____ Information supplied

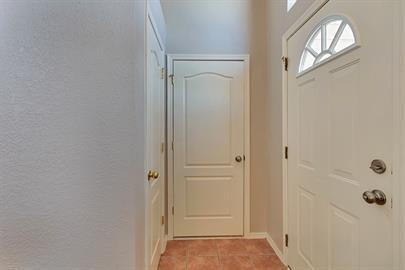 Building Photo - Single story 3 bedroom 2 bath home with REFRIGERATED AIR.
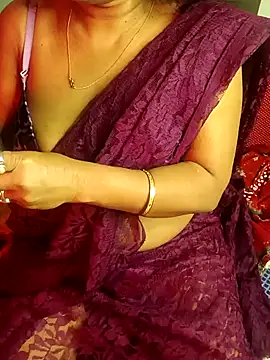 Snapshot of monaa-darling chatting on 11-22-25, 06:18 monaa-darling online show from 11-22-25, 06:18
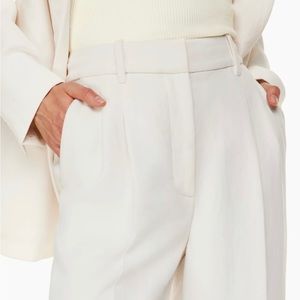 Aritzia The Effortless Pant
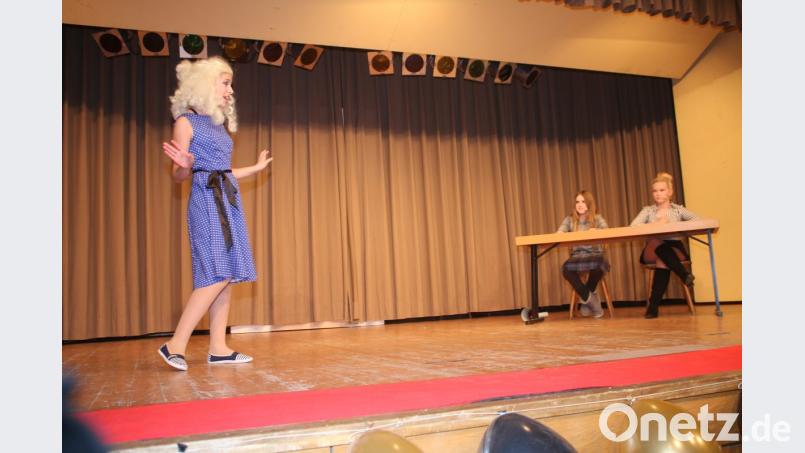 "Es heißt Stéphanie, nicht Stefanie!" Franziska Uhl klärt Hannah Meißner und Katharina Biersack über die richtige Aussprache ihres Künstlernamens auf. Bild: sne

________

__The task__:
Copy out all the data exactly; skip the pictures.

__Your response__:
 Building Photo - Single story 3 bedroom 2 bath home with REFRIGERATED AIR.
 Snapshot of monaa-darling chatting on 11-22-25, 06:18 monaa-darling online show from 11-22-25, 06:18
 Aritzia The Effortless Pant
 "Es heißt Stéphanie, nicht Stefanie!" Franziska Uhl klärt Hannah Meißner und Katharina Biersack über die richtige Aussprache ihres Künstlernamens auf. Bild: sne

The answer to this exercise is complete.